Get piggybacked data
[cpu_tracking] Stop [7ff7c7f6ce60 - Snapshot(process=posix.times_result(user=0.0, system=0.0, children_user=0.0, children_system=0.0, elapsed=0.0))]
+ PARSE FETCHER RESULTS
  HostKey(hostname='myfw01', source_type=<SourceType.HOST: 1>)  -> Add sections: []
  HostKey(hostname='myfw01', source_type=<SourceType.HOST: 1>)  -> Add sections: []
Received no piggyback data
+ ANALYSE DISCOVERED HOST LABELS
Trying host label discovery with:
Trying host label discovery with:
SUCCESS - Found no new host labels
+ ANALYSE DISCOVERED SERVICES
+ EXECUTING DISCOVERY PLUGINS (0)
  Trying discovery with:
SUCCESS - Found no new services

So change your base as mention to:

base=".1.3.6.1.4.1.2604.5.1.6",

Sorry, I was too quick with my first post. Below I have already informed you that I have corrected this error. I have the requested output here again:

OMD[MYSITE]:~/local/lib/check_mk/base/plugins/agent_based$ cmk -vvI --debug --detect-plugins=sophos_ipsec_tunnels myfw01
Discovering services and host labels on: myfw01
myfw01:
+ FETCHING DATA
  Source: SourceInfo(hostname='myfw01', ipaddress='10.10.10.5', ident='snmp', fetcher_type=<FetcherType.SNMP: 7>, source_type=<SourceType.HOST: 1>)
[cpu_tracking] Start [7ff7c82cac00]
Read from cache: SNMPFileCache(myfw01, path_template=/omd/sites/MYSITE/tmp/check_mk/data_source_cache/snmp/{mode}/{hostname}, max_age=MaxAge(checking=0, discovery=90.0, inventory=90.0), simulation=False, use_only_cache=False, file_cache_mode=1)
[cpu_tracking] Stop [7ff7c82cac00 - Snapshot(process=posix.times_result(user=0.0, system=0.0, children_user=0.0, children_system=0.0, elapsed=0.010000001639127731))]
  Source: SourceInfo(hostname='myfw01', ipaddress='10.10.10.5', ident='piggyback', fetcher_type=<FetcherType.PIGGYBACK: 4>, source_type=<SourceType.HOST: 1>)
[cpu_tracking] Start [7ff7c7f6ce60]
Read from cache: NoCache(myfw01, path_template=/dev/null, max_age=MaxAge(checking=0.0, discovery=0.0, inventory=0.0), simulation=False, use_only_cache=False, file_cache_mode=1)
No piggyback files for 'myfw01'. Skip processing.
No piggyback files for '10.10.10.5'. Skip processing.
Get piggybacked data
[cpu_tracking] Stop [7ff7c7f6ce60 - Snapshot(process=posix.times_result(user=0.0, system=0.0, children_user=0.0, children_system=0.0, elapsed=0.0))]
+ PARSE FETCHER RESULTS
  HostKey(hostname='myfw01', source_type=<SourceType.HOST: 1>)  -> Add sections: []
  HostKey(hostname='myfw01', source_type=<SourceType.HOST: 1>)  -> Add sections: []
Received no piggyback data
+ ANALYSE DISCOVERED HOST LABELS
Trying host label discovery with:
Trying host label discovery with:
SUCCESS - Found no new host labels
+ ANALYSE DISCOVERED SERVICES
+ EXECUTING DISCOVERY PLUGINS (0)
  Trying discovery with:
SUCCESS - Found no new services

Hello, does anyone else have an idea? I still need help, even if it’s a bit older.

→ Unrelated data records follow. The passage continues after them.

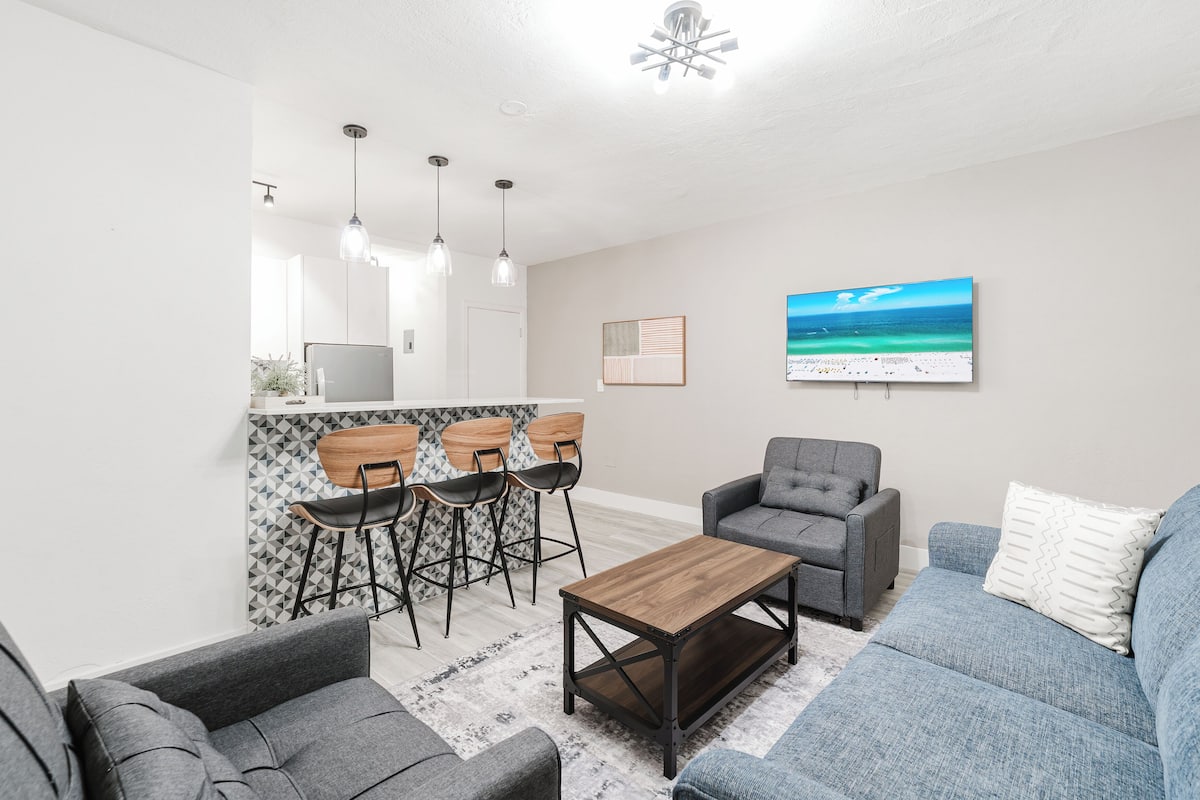 Standard Apartment | In-room safe, blackout drapes, iron/ironing board, cribs (surcharge)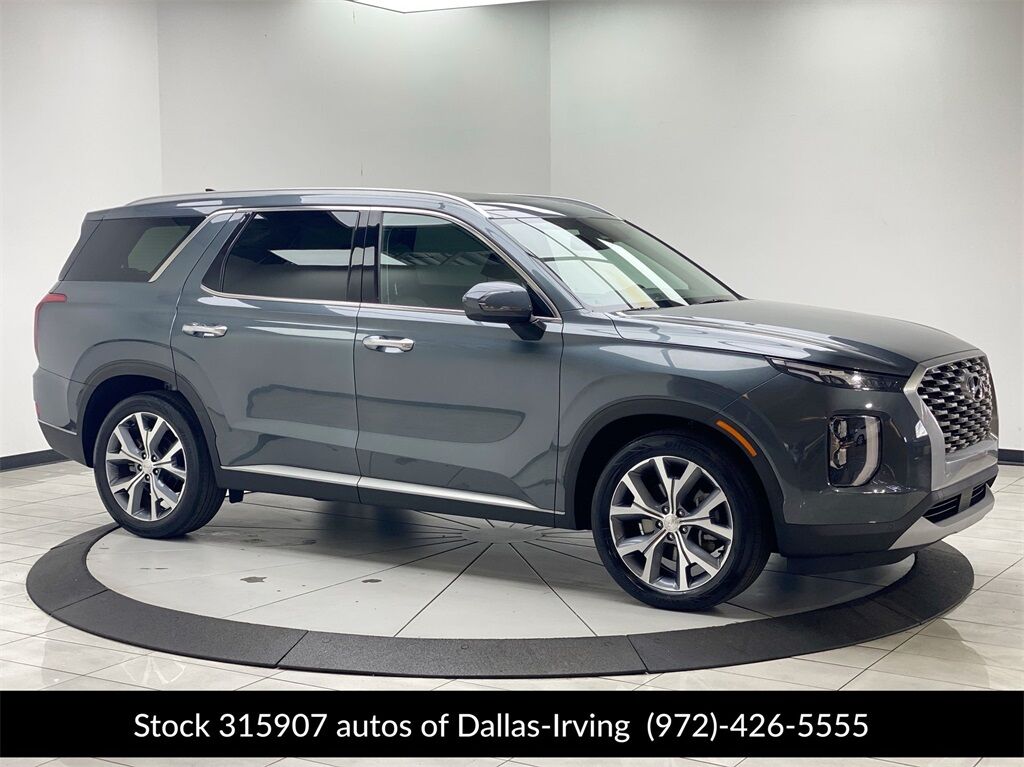 Used 2021 Hyundai Palisade SEL NAV,CAM,SUNROOF,HTD STS,BLIND SPOT,3RD ...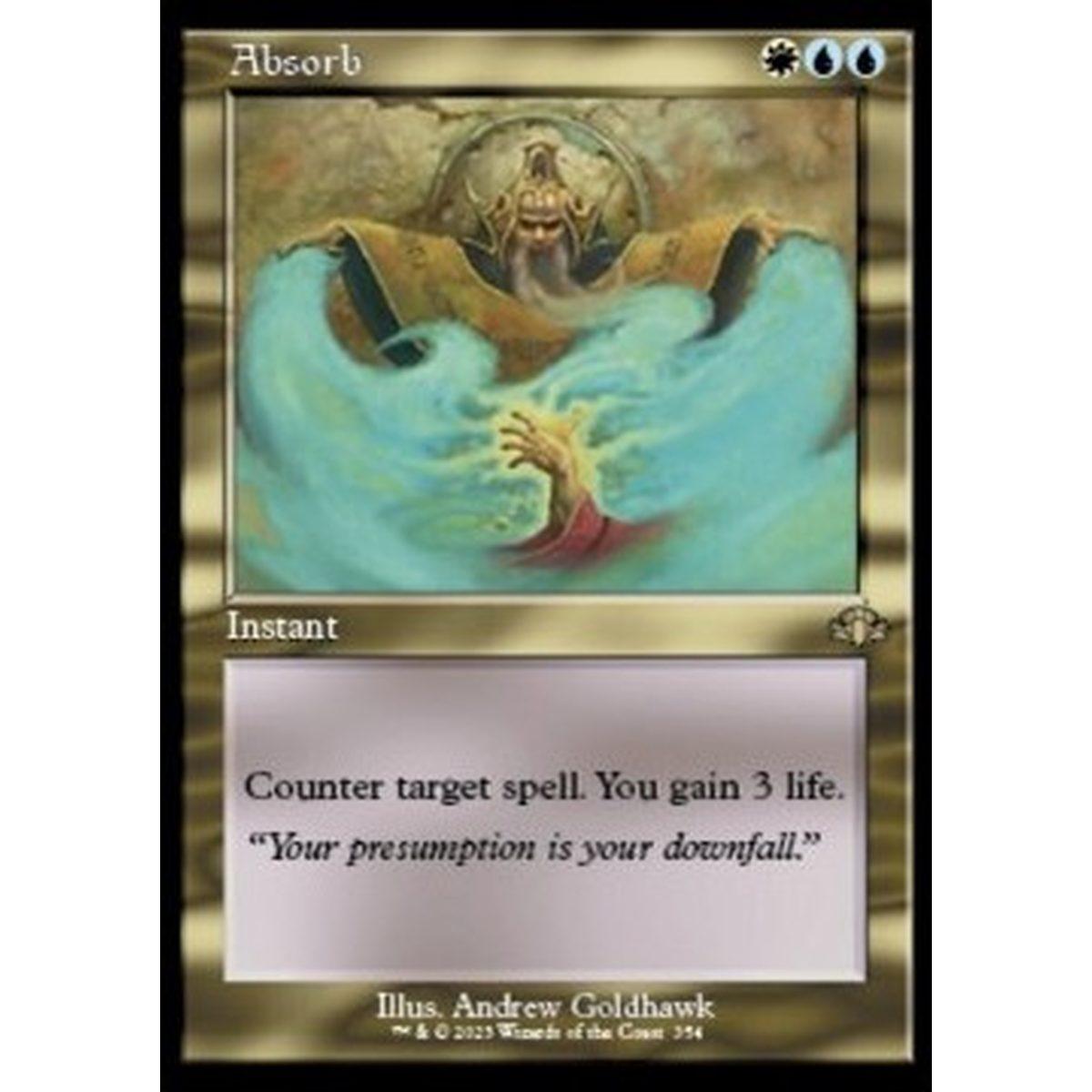 Absorb (V.1) - Absorb (V.1) - [XDMR] [NM] [Foil]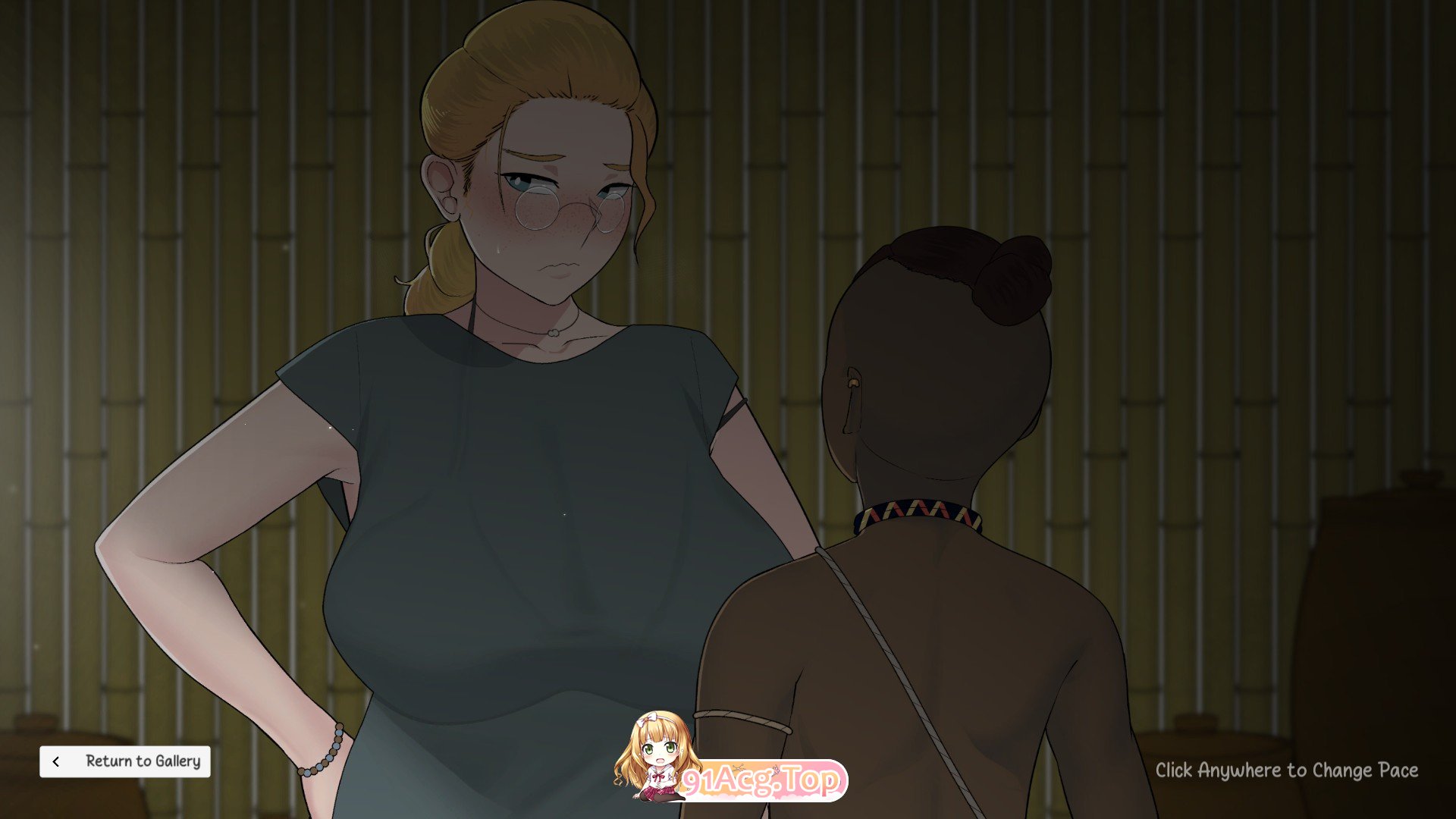 [互动SLG/中文/动态]女神降临V1.031 官方中文步兵版+存档[更新/修复BUG][FM/3.2G/百度]-第4张-游戏-哥特动漫王国-ACG交流分享论坛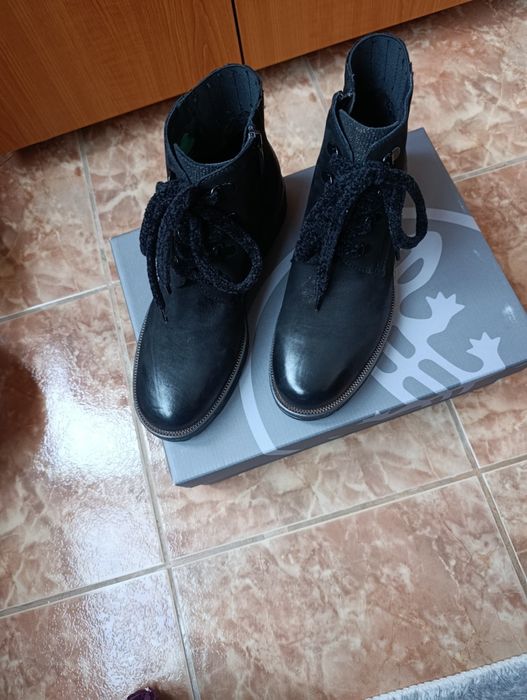 Gheata dama noua piele salamandar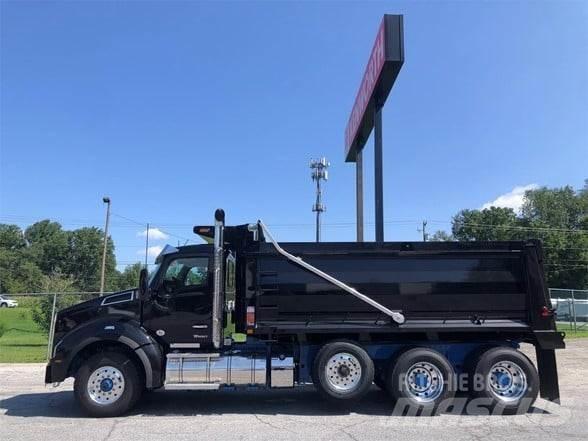 Kenworth T880 Bañeras basculantes usadas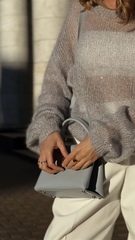 Мастер-класс по вязанию спицами джемпера 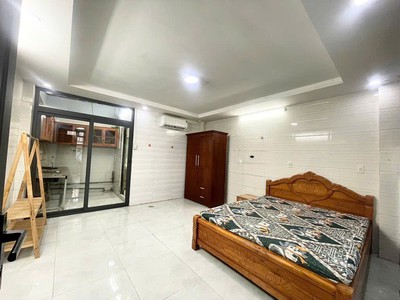 Siêu phẩm chdv hẻm 7m lê văn thọ p14 gv 64m  4 tầng ngang 4m 7pn sổ vuông nhỉnh 7 tỷ 4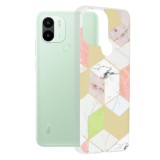 Husa telefon compatibila xiaomi redmi a1+ / a2+, personalizata purple hex
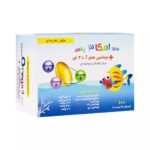 کپسول امگا3 پلاس برای کودکان و نوجوانان دانا - 100 عددی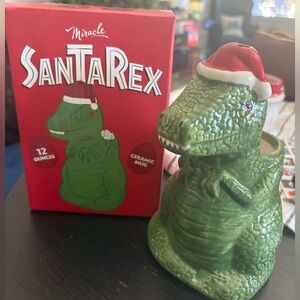 Santa Rex Miracle Christmas Mug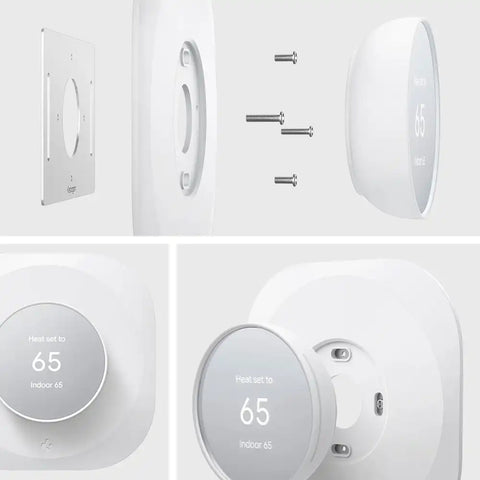 Google Nest Thermostat Wall Plate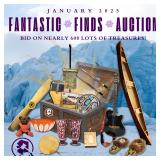 January 2025 Fantastic Finds Auction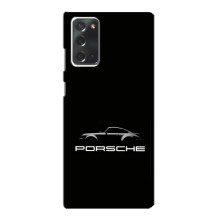 Чохол з авто Порше для Samsung Galaxy Note 20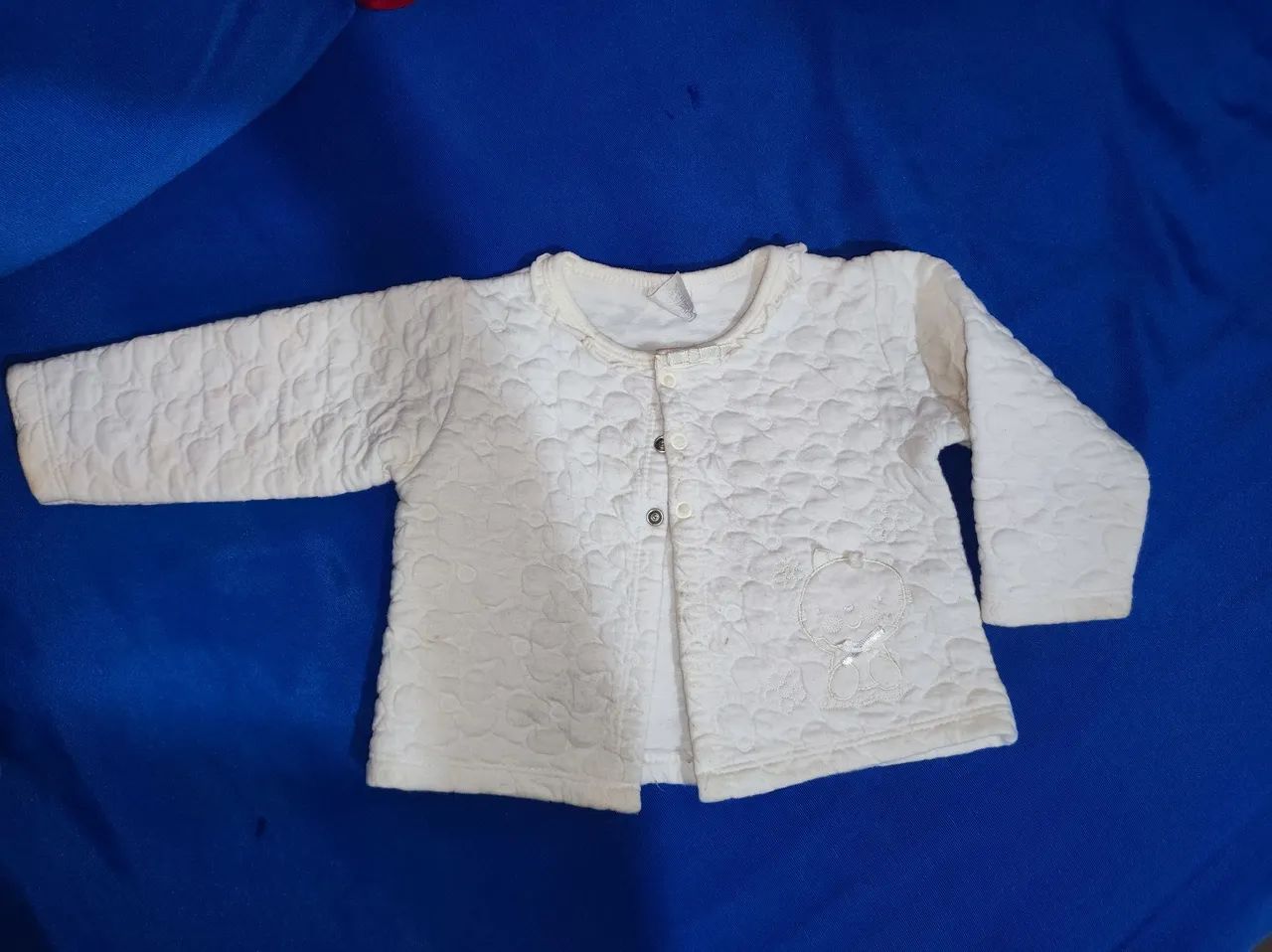 Casquinho em matelassê 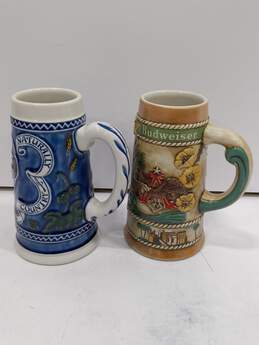 Pair of Collectible Beer Steins alternative image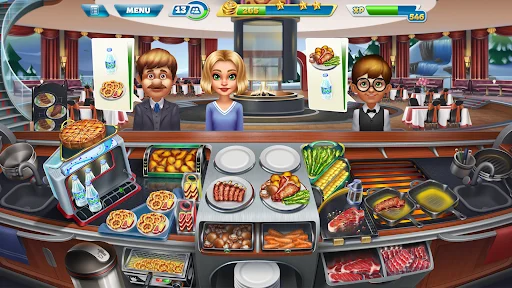 ดาวน์โหลด Cooking Fever ล่าสุด – เกมทำอาหารแสนสนุก เล่นฟรีบนมือถือ - Screenshot 6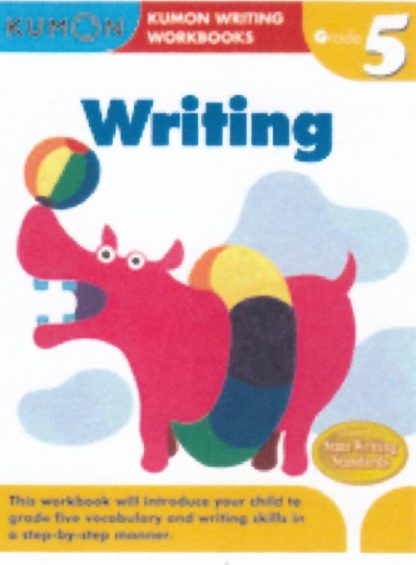 9781935800613 Writing Grade 5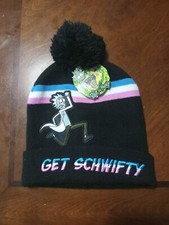 Rick and Morty GET SCHWIFTY beanie winter Hat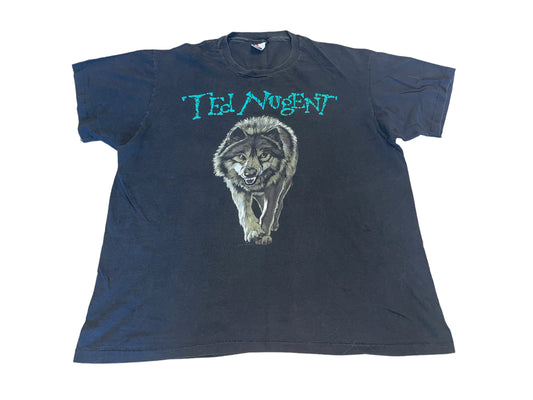Vintage 1991 Ted Nugent T-Shirt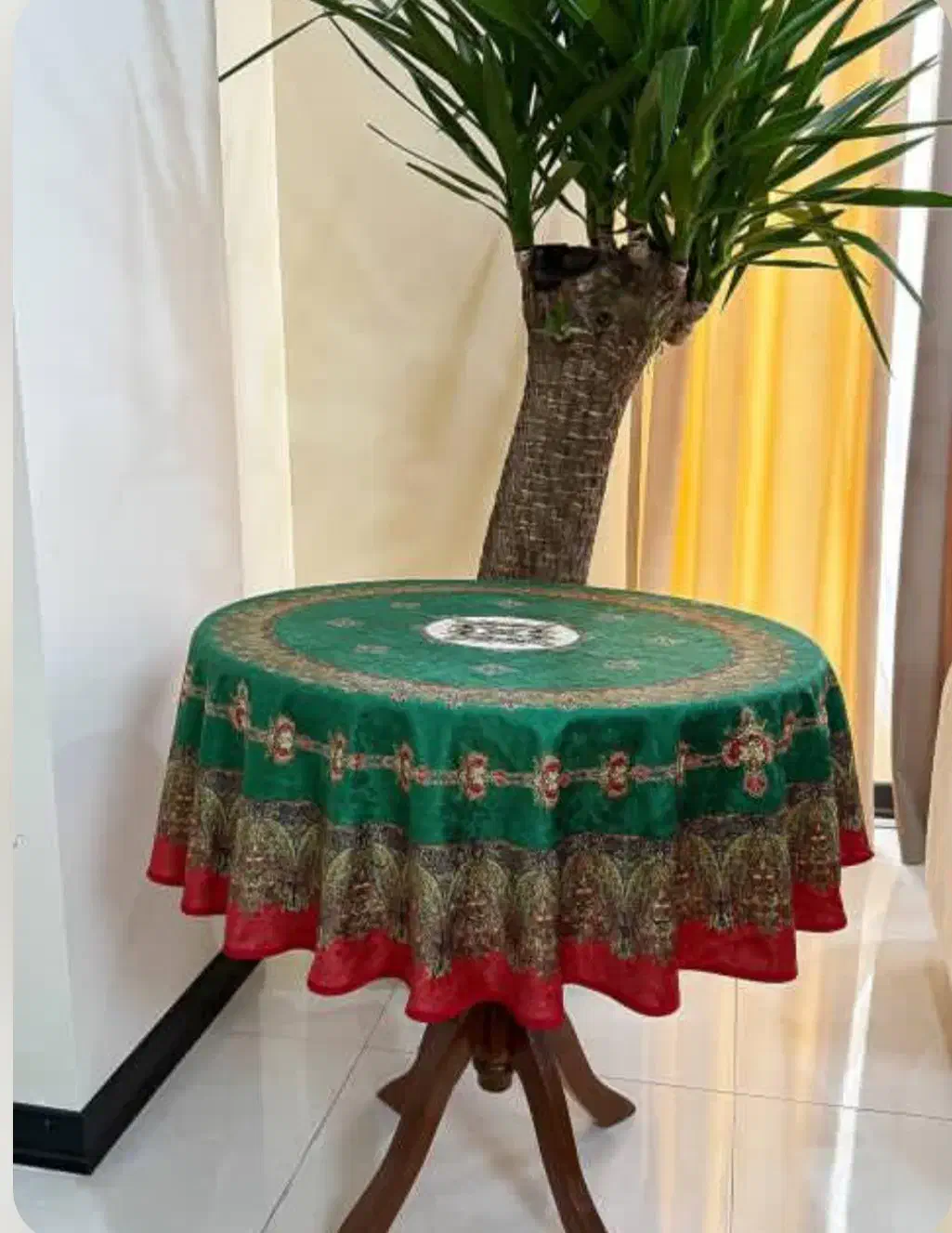 سفره های پارچه ای مناسب برای شب یلدا و روز مادر|سفره، حوله، دستمال آشپزخانه|الشتر, |دیوار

If i want to see if a plugin is really working i would not use the “–detect-plugins” option. This option will overwrite the detect function. Second problem i see - your last output uses the cache for this device. Please add the option “–no-cache” to the command line to force CheckMK to retrieve data from the device.

If you use the “–detect-plugins” option you should see as a minimum the fetching of the data for this plugin in the output.